MY NAME IS NOT
Netflix's "She's Gotta Have It" inspired me for this self-portrait. It's the first time a TV series has moved me to create in this way. Its protagonist (Nola Darling) is an artist and a revolutionary. She experienced various forms of abuse (some men call it flirting and courting) that resulted in the pain that would later lead her to create the "NOT MY NAME" movement. She plastered the streets with black and white photos of women shouting to the world in red letters about the crap they heard every day.
I felt 100% identified and that moved me to continue this movement outside of fiction.
Today, June 8th, I'm writing this while remembering how just yesterday, in a bar in Murcia, I experienced several of these situations. One of them was while I was ordering at the bar, and a man ran his face all over my back while saying, "This place is so nice," in a disgusting tone of voice. When I turned around with an angry expression, he started laughing. I can still feel his fucking breath on my back.
You might think this has to do with the fact that it was a bar, but no, I experience these situations day and night. Whether I'm alone, with my son, or with friends.
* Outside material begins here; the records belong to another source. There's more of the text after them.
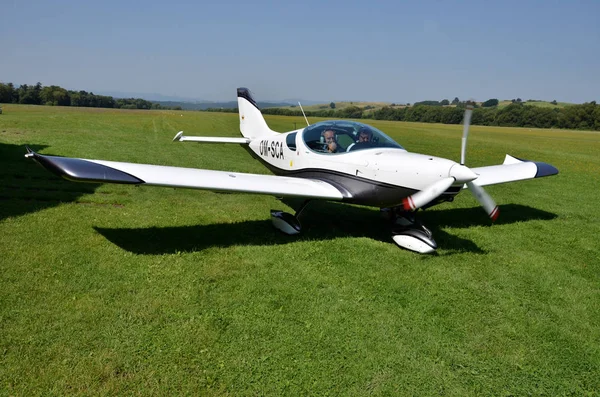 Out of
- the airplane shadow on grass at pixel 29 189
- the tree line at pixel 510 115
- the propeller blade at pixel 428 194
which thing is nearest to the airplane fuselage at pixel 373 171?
the propeller blade at pixel 428 194

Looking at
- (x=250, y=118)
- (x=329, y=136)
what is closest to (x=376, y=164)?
(x=329, y=136)

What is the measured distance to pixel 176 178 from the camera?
554 centimetres

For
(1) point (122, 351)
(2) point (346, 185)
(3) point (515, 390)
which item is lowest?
(3) point (515, 390)

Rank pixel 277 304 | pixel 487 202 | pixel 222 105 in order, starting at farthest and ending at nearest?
pixel 222 105 < pixel 487 202 < pixel 277 304

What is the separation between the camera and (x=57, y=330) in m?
3.68

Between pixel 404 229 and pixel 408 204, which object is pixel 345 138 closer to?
pixel 408 204

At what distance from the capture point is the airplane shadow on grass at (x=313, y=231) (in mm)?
5996

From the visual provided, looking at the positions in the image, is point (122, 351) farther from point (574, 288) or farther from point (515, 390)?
point (574, 288)

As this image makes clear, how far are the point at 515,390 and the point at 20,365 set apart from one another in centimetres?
428

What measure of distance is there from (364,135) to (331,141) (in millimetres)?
612

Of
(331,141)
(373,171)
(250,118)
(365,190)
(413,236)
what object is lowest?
(413,236)

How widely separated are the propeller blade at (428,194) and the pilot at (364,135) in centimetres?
151

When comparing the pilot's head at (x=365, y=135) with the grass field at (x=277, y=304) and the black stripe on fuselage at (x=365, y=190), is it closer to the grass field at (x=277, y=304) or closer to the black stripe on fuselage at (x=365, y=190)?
the black stripe on fuselage at (x=365, y=190)

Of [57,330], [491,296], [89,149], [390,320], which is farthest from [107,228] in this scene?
[89,149] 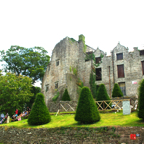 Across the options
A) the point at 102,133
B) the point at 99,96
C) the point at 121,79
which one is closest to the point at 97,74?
the point at 121,79

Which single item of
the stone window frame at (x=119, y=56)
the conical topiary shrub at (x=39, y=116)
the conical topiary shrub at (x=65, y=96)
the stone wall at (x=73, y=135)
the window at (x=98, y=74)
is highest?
the stone window frame at (x=119, y=56)

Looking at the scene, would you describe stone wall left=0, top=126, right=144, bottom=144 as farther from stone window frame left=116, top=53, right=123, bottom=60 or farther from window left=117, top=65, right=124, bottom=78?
stone window frame left=116, top=53, right=123, bottom=60

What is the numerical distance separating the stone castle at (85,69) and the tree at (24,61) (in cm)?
437

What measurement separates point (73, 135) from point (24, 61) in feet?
94.7

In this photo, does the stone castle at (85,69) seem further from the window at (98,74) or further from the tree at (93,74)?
the tree at (93,74)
Whether I'm lying on the beach, running in the mountains, strolling through the city, or while taking photos during a photo shoot.
I don't know a single woman who hasn't experienced this verbal or physical abuse on a weekly basis. I know countless women who were raped as children and many more as adults. I repeat: I know countless women who were raped as children and many more as adults.
If you think I'm exaggerating, you're part of the problem because you keep looking the other way.
Let us be the generation that came to change things.
I no longer keep quiet because that is NOT MY CALL.
Self-portrait March 2024 during one of my therapeutic photography workshops.
Embroidery May 2024.
- Mouliné thread with filled stitch for the letters.
- The burnt edges were my son's idea. Thanks, teacher.